- _Task goal_: All that is needed is the lines from the one containing "Алексей Колесников испытывает" through the end of the listing, printed exactly, with no pictures among them.

- _Data_:
◇ ◇ ◇ ◇ ◇

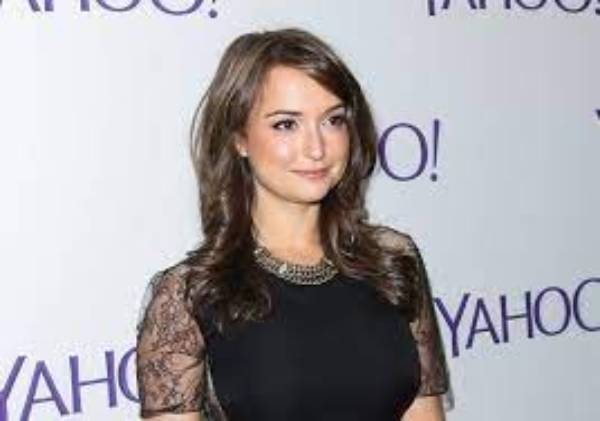 Milana Vayntrub Relationship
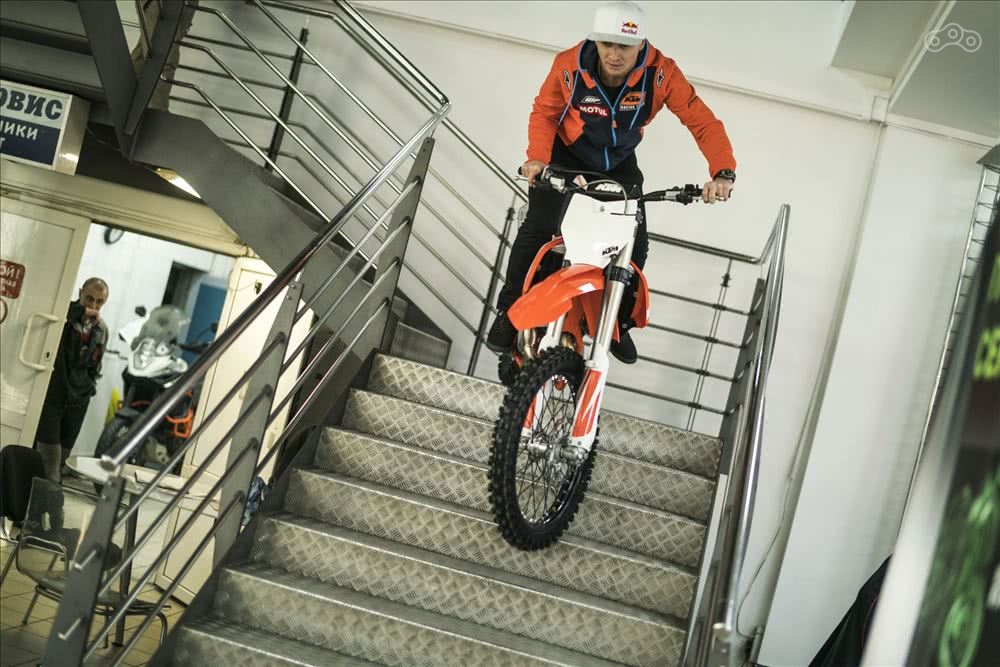 Алексей Колесников испытывает новый KTM 450 SX-F 2018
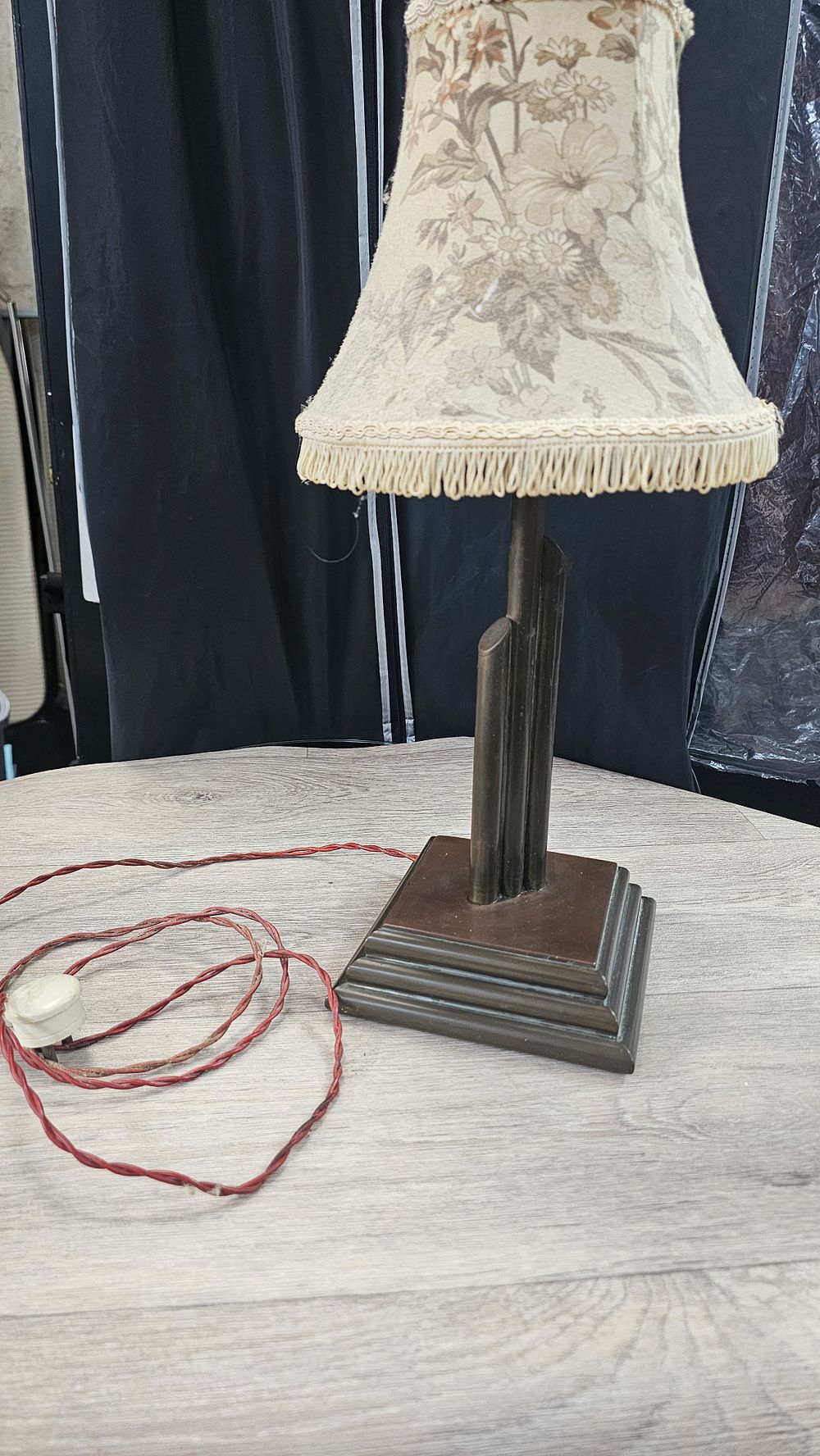 Lot 166: Art Deco Cast Metal Skyscraper Style Table Lamp With Fringed Floral Shade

◇ ◇ ◇ ◇ ◇

- _Solution to this exercise_:
 Алексей Колесников испытывает новый KTM 450 SX-F 2018
 Lot 166: Art Deco Cast Metal Skyscraper Style Table Lamp With Fringed Floral Shade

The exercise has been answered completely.